G&M Interviews Julia Dickson of OSFI

The Globe and Mail interviewed Julia Dickson for today’s paper:

That is good – to focus on too big to fail and market discipline – but some of the suggestions for dealing with that are not appropriate, such as determining which institutions are systemic [too big to allow to fail] and trying to assess some sort of capital charge on them.

There are various reasons for that, but I think that designating institutions as systemic will lead them to take more risk, and I think that coming up with the capital charge would be hugely challenging.

Ms. Dickson’s opposition to Treasury’s proposal to designate systemically important institutions is well known, but the fact that “coming up with the capital charge would be hugely challenging” is hardly a reason to ignore the issue.

OSFI has already specified Operation Risk Requirements, which are included in risk weighted assets. One formulation considered acceptable is:

Operational risk is defined as the risk of loss resulting from inadequate or failed internal processes, people and systems or from external events. This definition includes legal risk,66 but excludes strategic and reputational risk.

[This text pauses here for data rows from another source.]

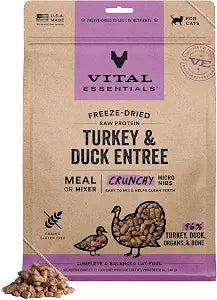 Vital Essentials Freeze Dried Cat Food, Raw Protein Turkey & Duck Micro Nibs | Complete Meal or Mixer | 96% Meat, Organs & Bone | High Protein, Low Carb, Grain Free, Dry Cat Food | 12 oz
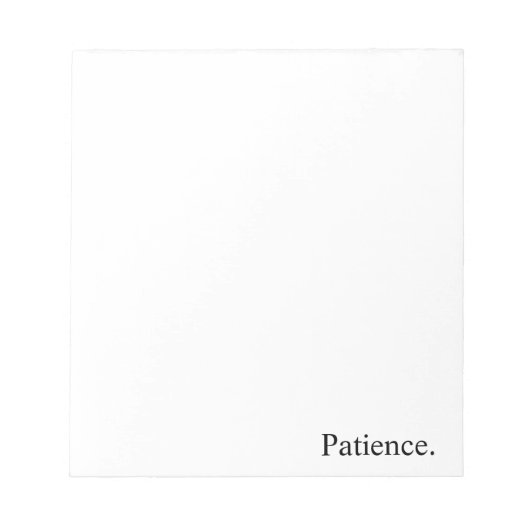 Voorgenomen "Patience" Notitieblok (Voorkant)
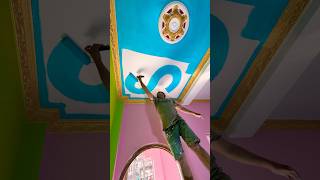 Blue Colour Fast Code 🏡Wallpainting #art #viralvideo #trendingvideo #shortfeed #painting #shorts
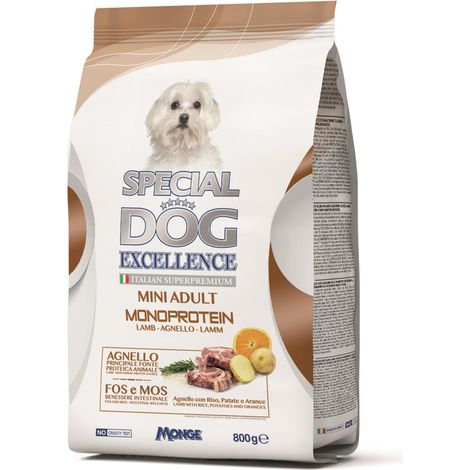 Monge Special Dog Excellence Monoprotein Adult Mini con Agnello  - Monge Special Dog Excellence Monoprotein Adult Mini con Agnello - Sacco Da 800 Gr (1/2)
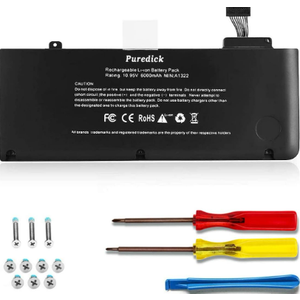 Puredick A1322 A1278 MacBook Pro 13 inch Battery Replacement - Quality Cells, 100% Health, 10.95V 65.7Wh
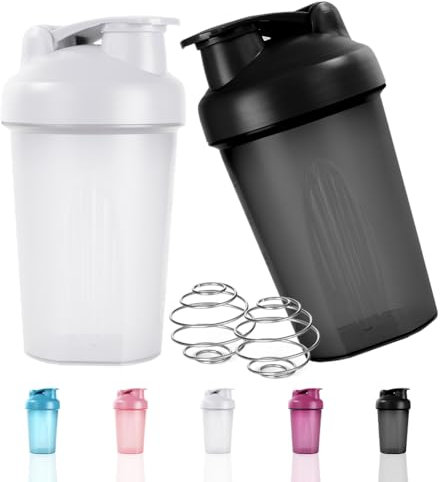 ACWOO Protein Shaker 500ml, Proteína Shaker a Prueba de Fugas con Bola Mezcladora, Botella Mezcladora de Batidos de Proteínas, Taza para Batidos de Proteínas para Fitness (Blanco + Negro)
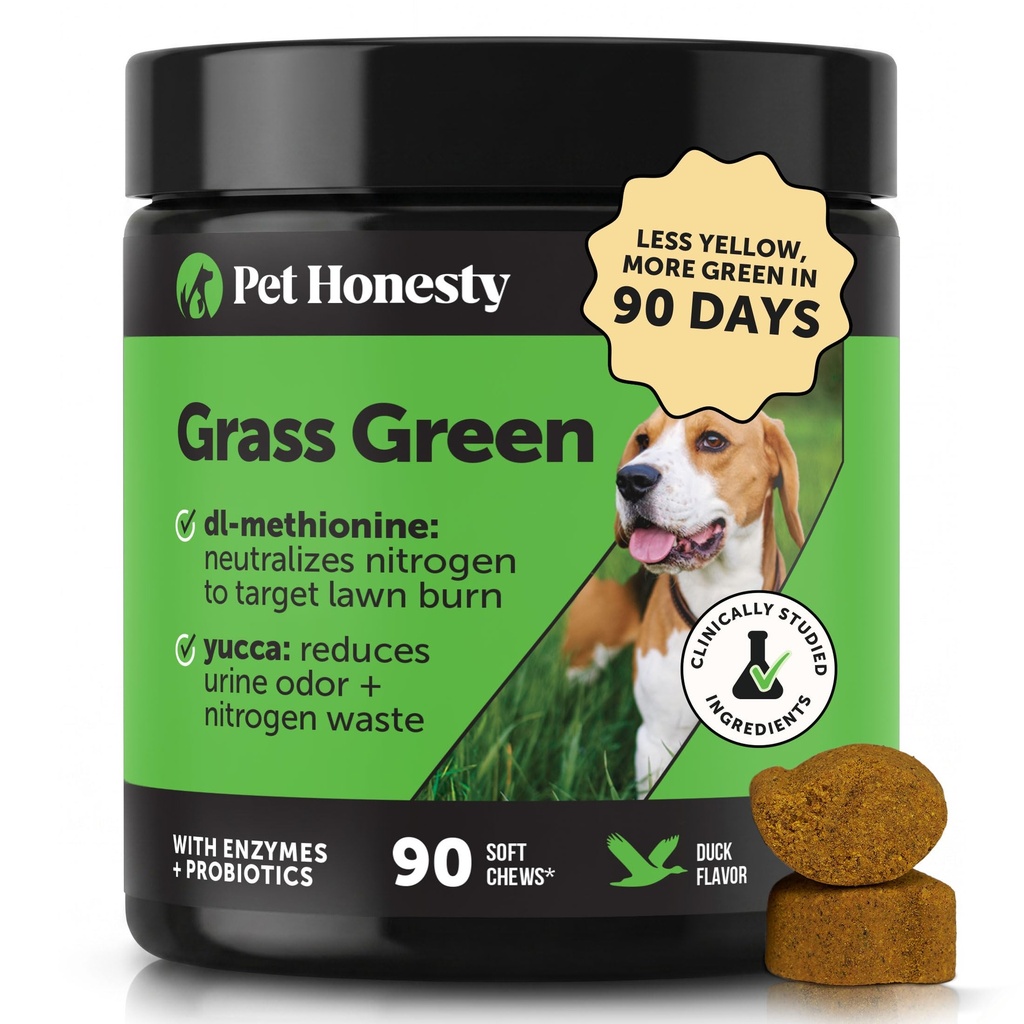 Grass Green Dog Chews - Ουδέτερο ούρων για χλοοτάπητα, σκύλου Pee Grass Helps Yard Stay Green Dressing Burn Spots with Probiotics & Enzymes (Duck)
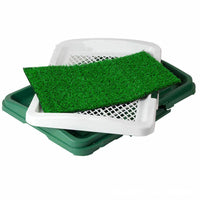 HKM-5255101 Dog Potty Training System with Antibacterial Lawn Carpet and Easy Clean Grid Design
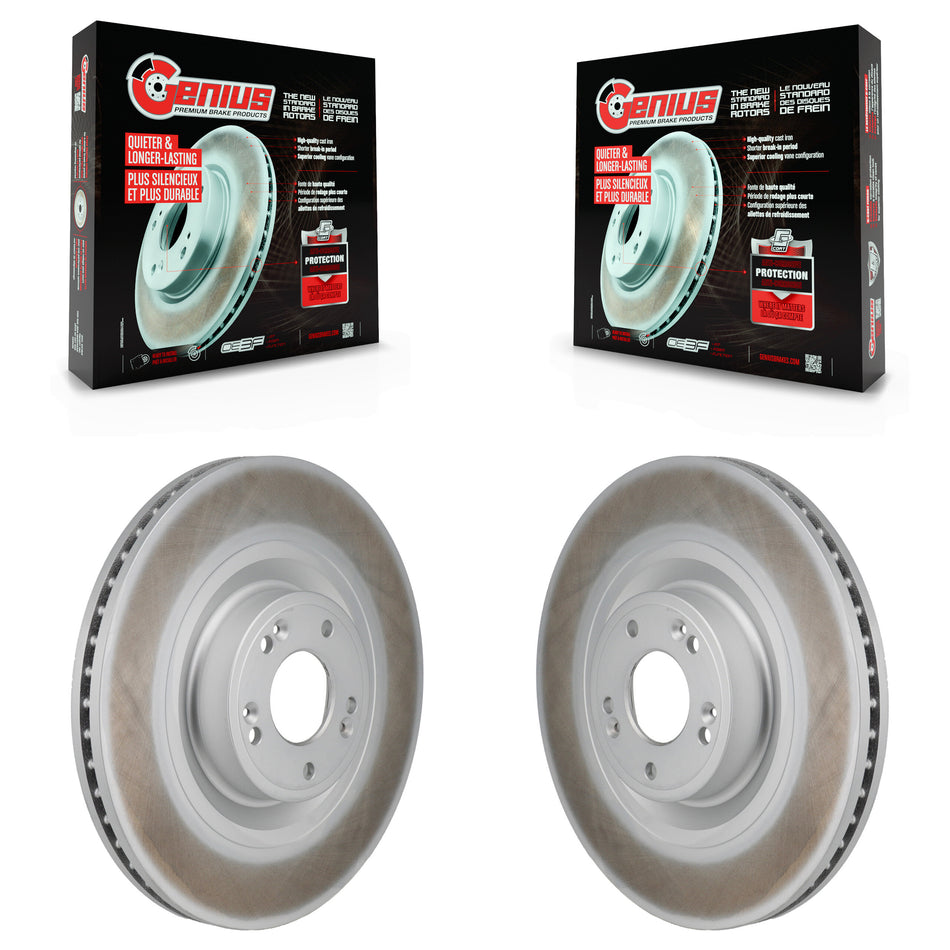 Front Coated Disc Brake Rotors Pair For Hyundai Genesis Equus G80 Kia K900 KG-101971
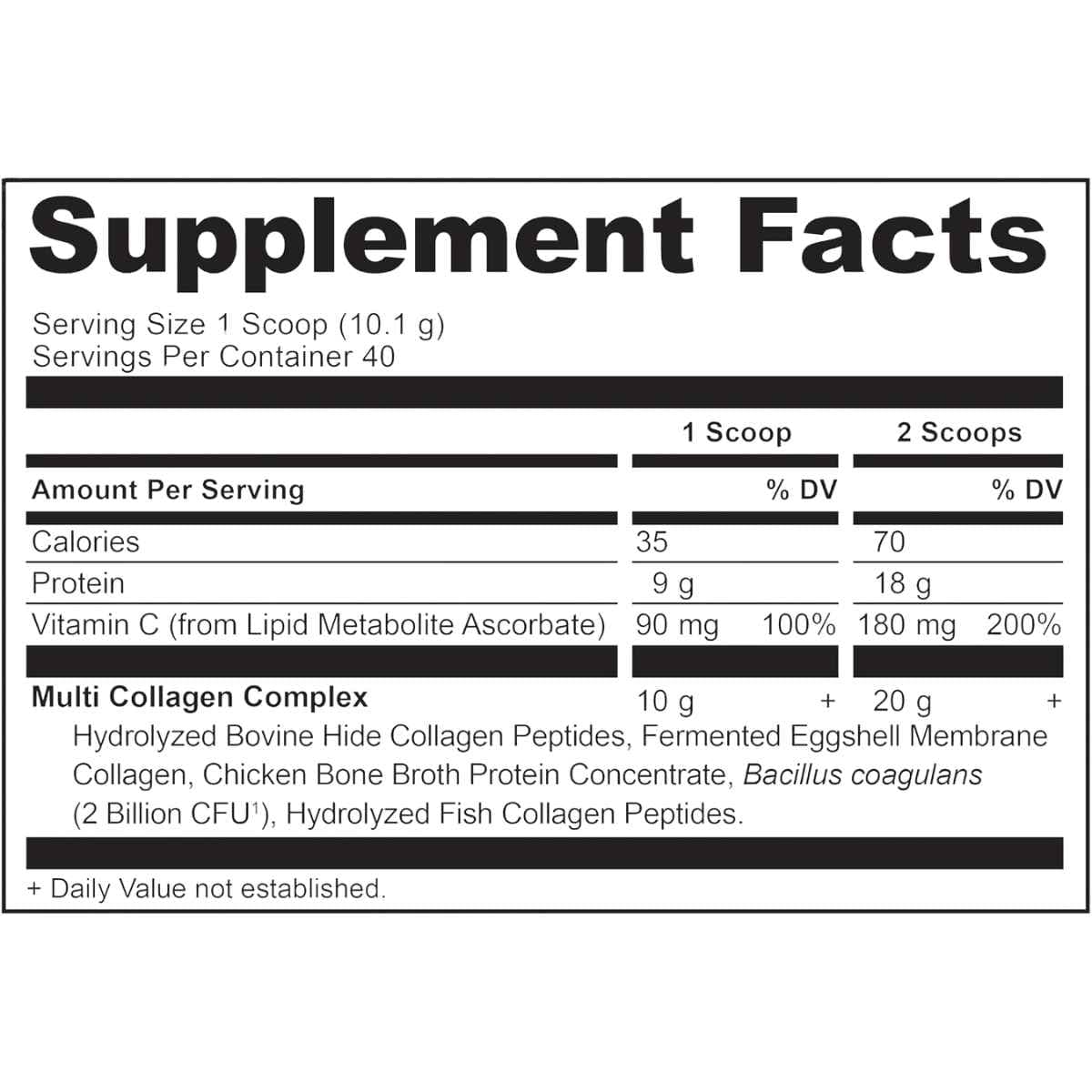 Tabla nutricional Ancient Nutrition Multi Collagen Protein 14.3 oz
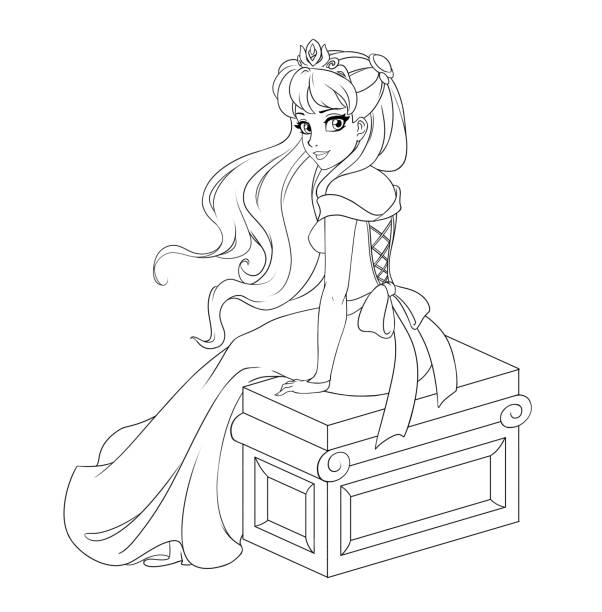 ilustraciones, imágenes clip art, dibujos animados e iconos de stock de ilustración de una hermosa princesa sentada en el banco. - princesa de anime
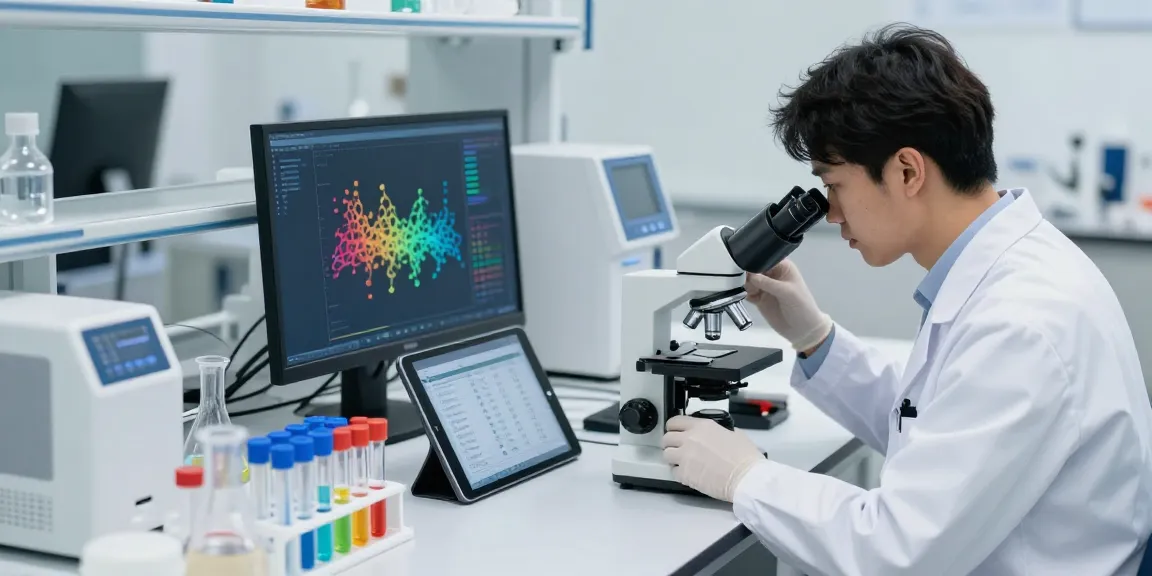Scientist examining peptide samples with peptide pricing data in a modern lab.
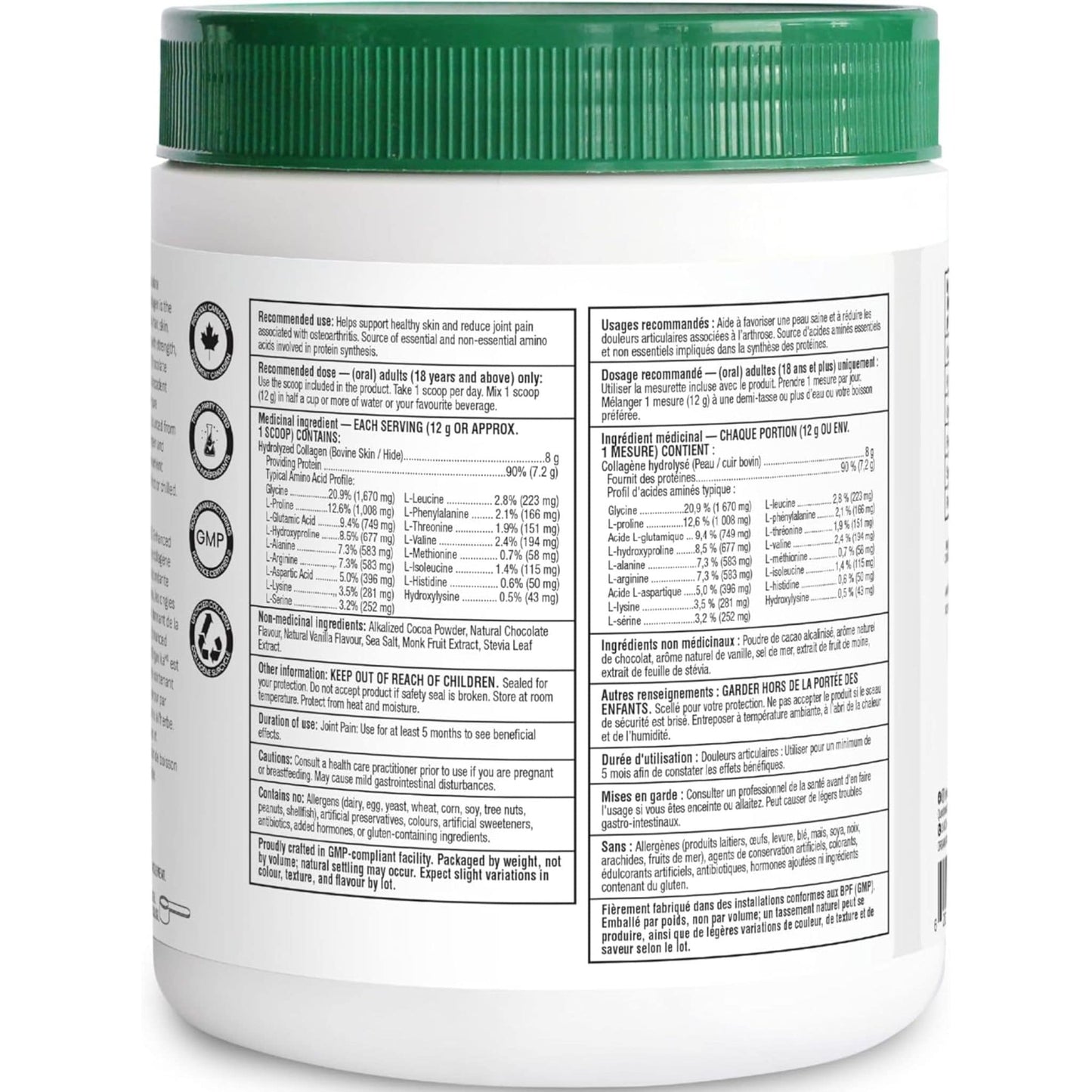 Organika Enhanced Collagen Powder (100% flavourless hydrolyzed collagen peptides), 250-500g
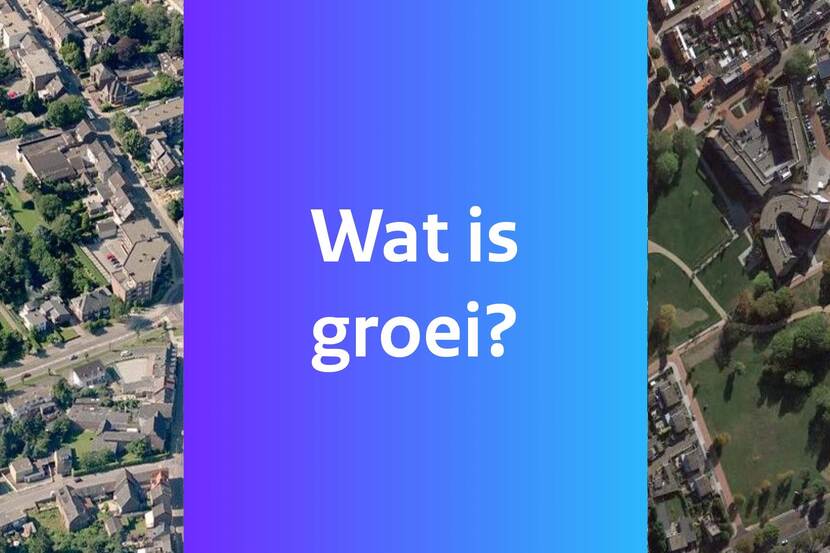 Twee foto's van Kerkrade West van boven genomen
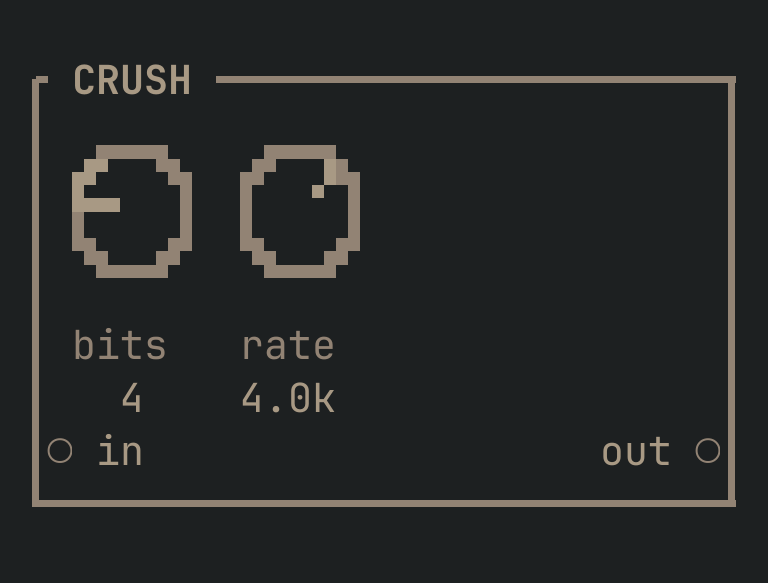 The CRUSH card as vimsynth draws it, 32 by 11 terminal cells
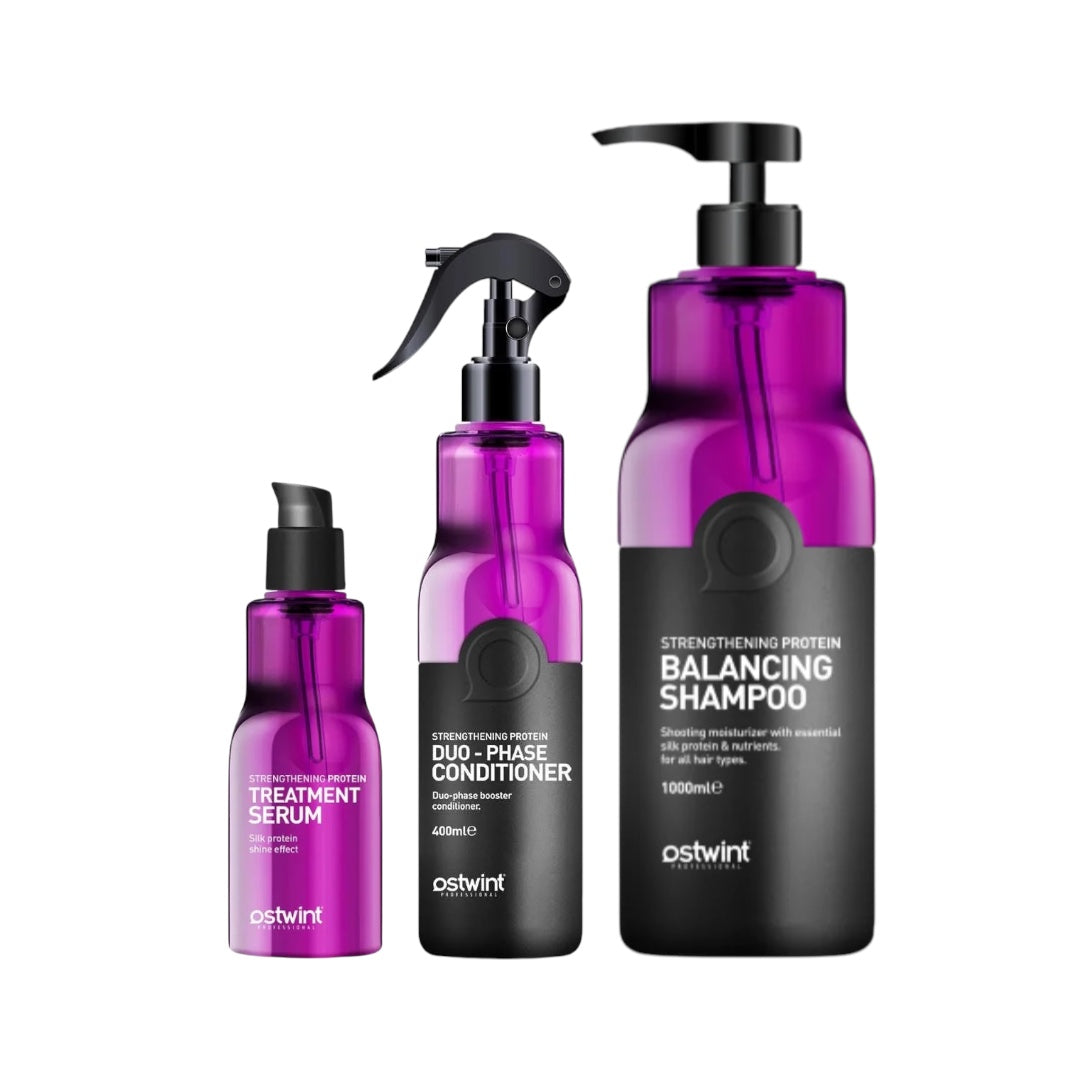 Set Sampon cu Proteine 1000ml, Balsam bifazic cu proteine 400ml, Ser de par cu proteine 100ml - Ostwint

Banks using the Basic Indicator Approach must hold capital for operational risk equal to the average over the previous three years of a fixed percentage (denoted alpha) of positive annual gross income. Figures for any year in which annual gross income is negative or zero should be excluded from both the numerator and denominator when calculating the average.68 The charge may be expressed as follows:
KBIA = [Σ(GI1…n x α)]/n
Where
KBIA = the capital charge under the Basic Indicator Approach
GI = annual gross income, where positive, over the previous three years
n = number of the previous three years for which gross income is positive
α = 15%, which is set by the Committee, relating the industry wide level of required capital to the industry wide level of the indicator.

Gross Income is a better-than-random proxy for systemic importance and I thing many people will agree that a major part of the Credit Crunch was “inadequate or failed internal processes” related to risk control. If setting α to 15% has proved to be inadequate, try doubling it and see how the back-tests work out. That’s one way. I still prefer a progressive surcharge on Risk-Weighted Assets starting at, say, $250-billion.

We would be more in favour of promoting the idea of contingent capital internationally. So that’s where you have a big chunk of subordinated debt that converts into common equity if the government feels that it has to step in to protect an institution or inject money into the institution. So that’s the kind of position we’re taking internationally, and it’s a huge issue.

I guess if you quantify your proposal simply as a “big chunk of subordinated debt”, the challenge becomes less huge.

Of more interest is the proposed trigger: “if the government feel it has to step in”. The Squam Lake double trigger has attracted some support, but as noted in my commentary on the BoE Financial Stability Report, I feel that such a determination will amount to a death sentence for the affected bank and will therefore come too late to be of use … as well as putting a ridiculous amount of power in the hands of regulators. Let the trigger be the market price of the common; the market understands that, can hedge it and, most importantly, will have some certainty in time of stress.